**Action item**: Given the entries below, would you transcribe exactly the lines starting at the one with "Jalapeño cheese grits" and ending at the one with "Кровать Axiom Upholstered Panel Bed Cal King", both kept, pictures omitted, nothing extra?

**Data records**:
· · · ·
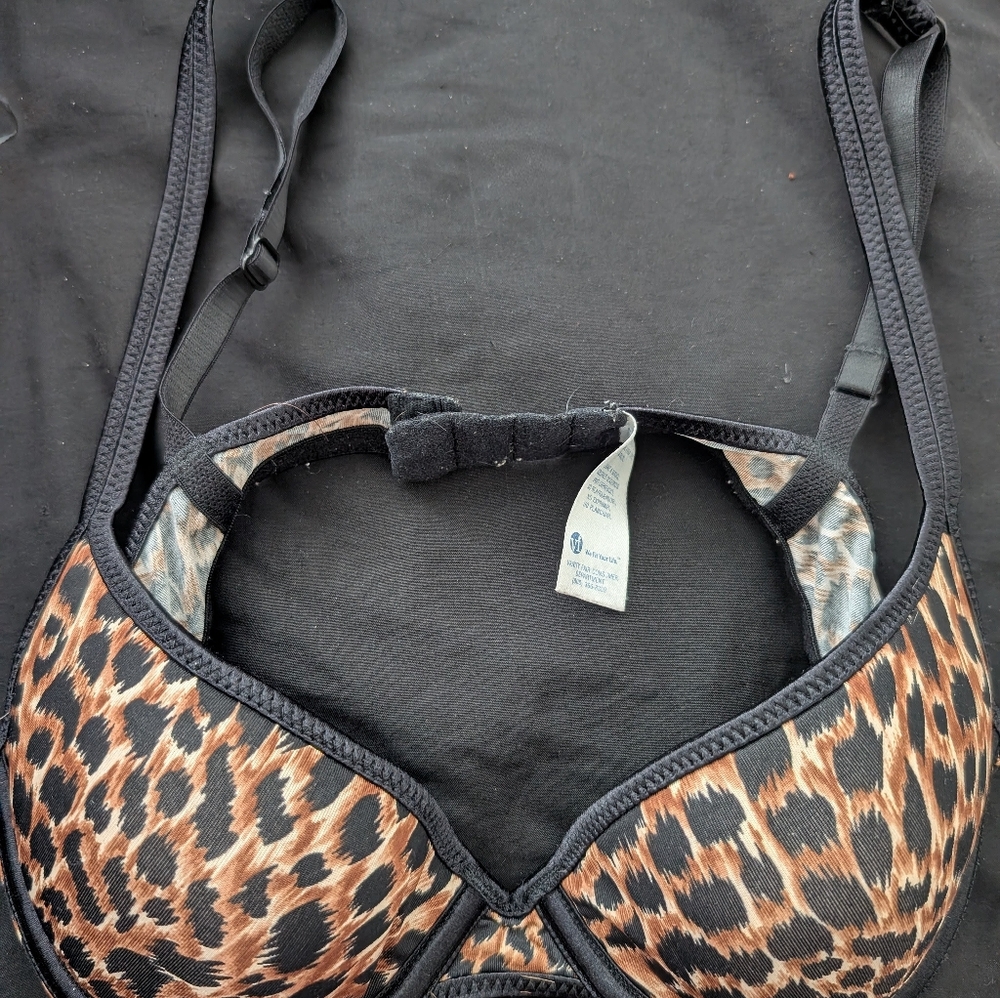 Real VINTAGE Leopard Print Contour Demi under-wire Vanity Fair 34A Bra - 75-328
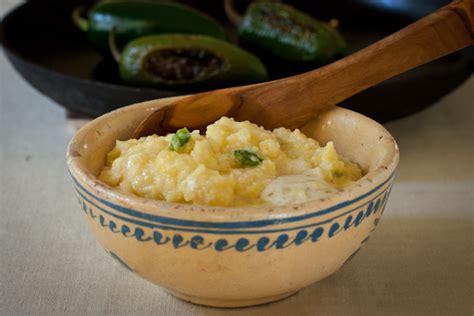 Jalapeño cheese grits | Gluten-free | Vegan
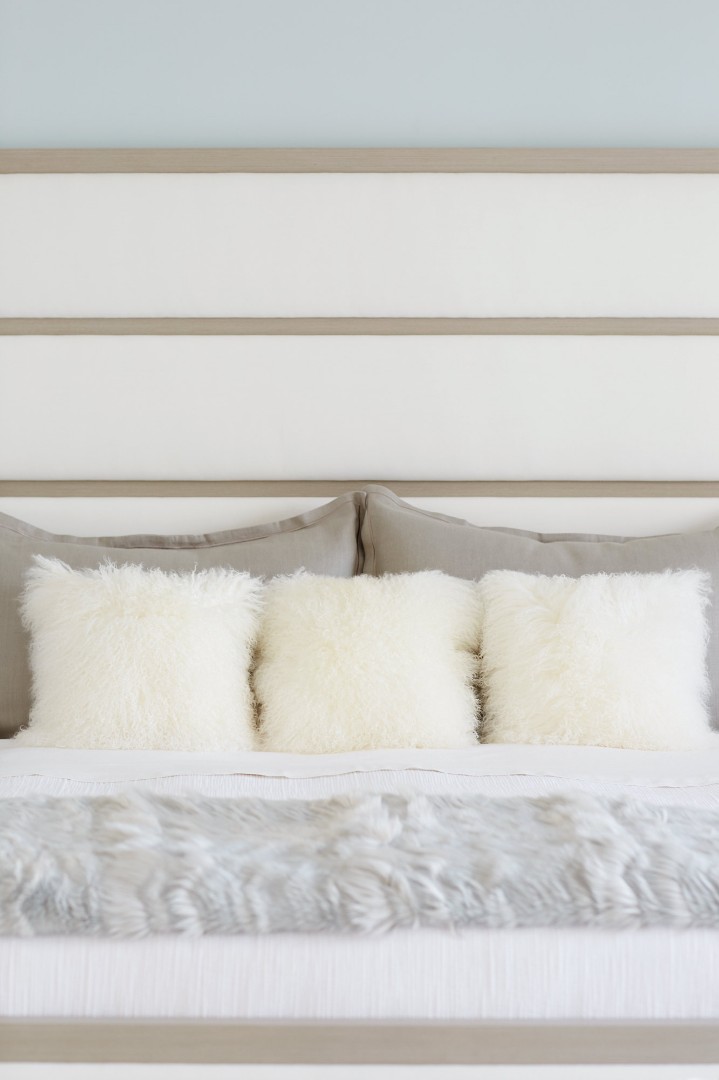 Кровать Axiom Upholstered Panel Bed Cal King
· · · ·
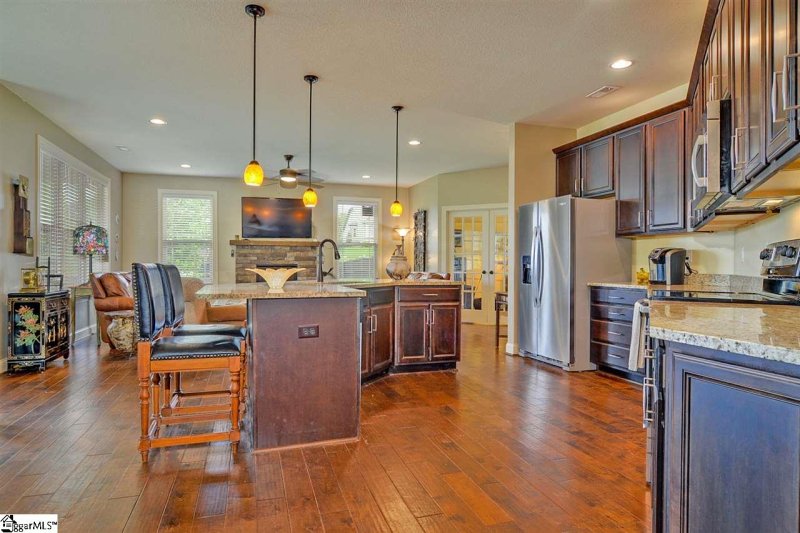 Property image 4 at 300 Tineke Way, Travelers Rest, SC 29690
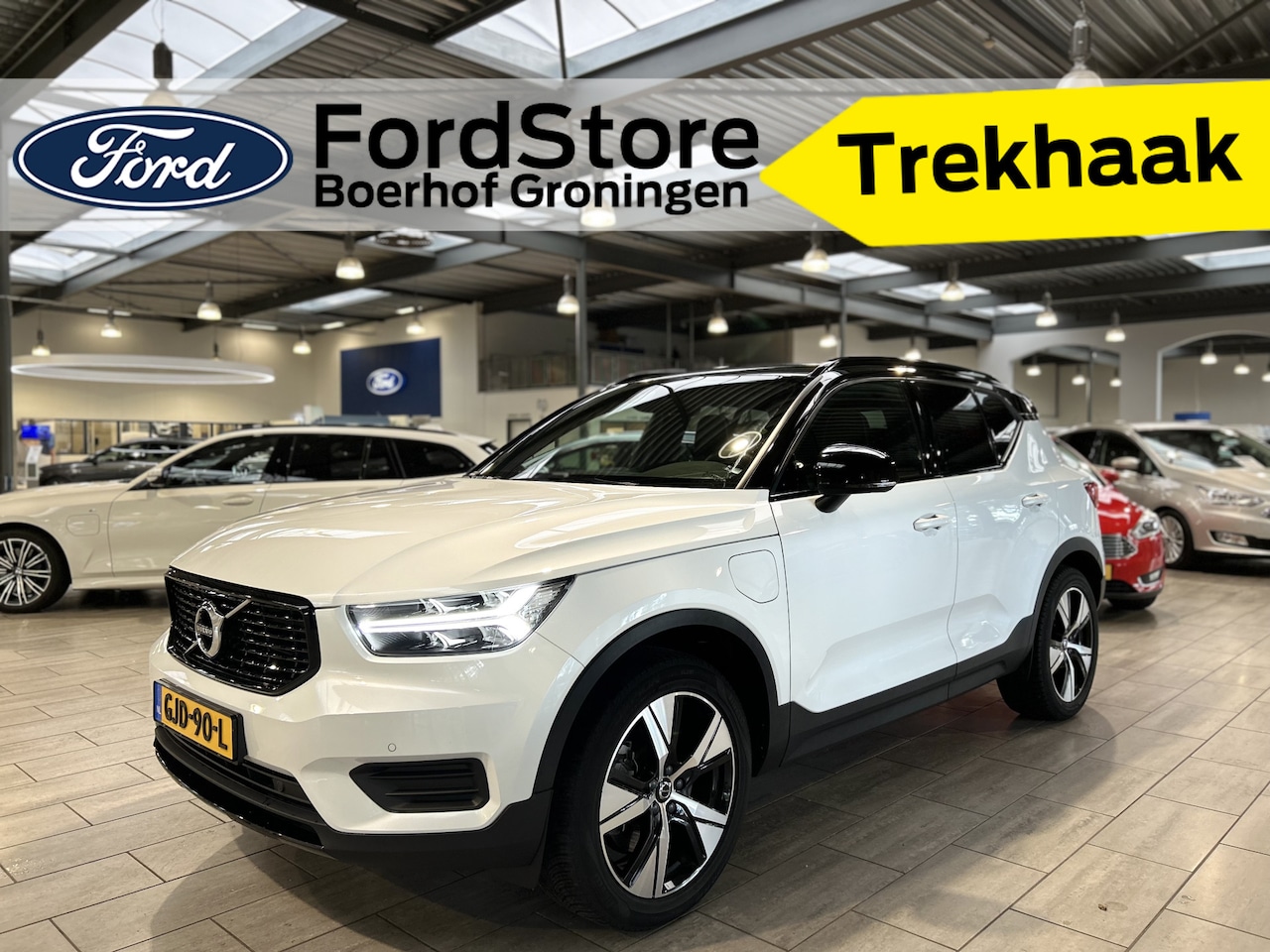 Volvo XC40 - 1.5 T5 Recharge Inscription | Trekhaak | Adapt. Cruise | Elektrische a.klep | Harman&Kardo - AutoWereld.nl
· · · ·
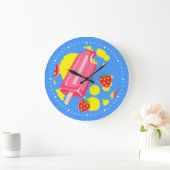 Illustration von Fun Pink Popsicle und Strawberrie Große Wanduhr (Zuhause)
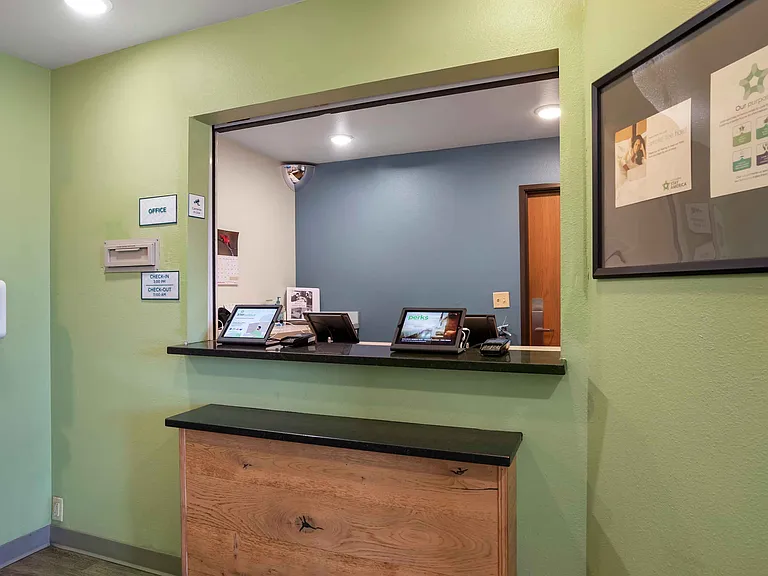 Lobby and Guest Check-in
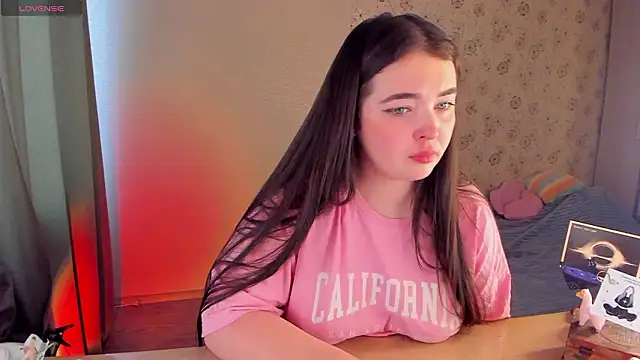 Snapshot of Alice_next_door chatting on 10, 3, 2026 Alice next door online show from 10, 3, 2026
· · · ·
**Result**:
 Jalapeño cheese grits | Gluten-free | Vegan
 Кровать Axiom Upholstered Panel Bed Cal King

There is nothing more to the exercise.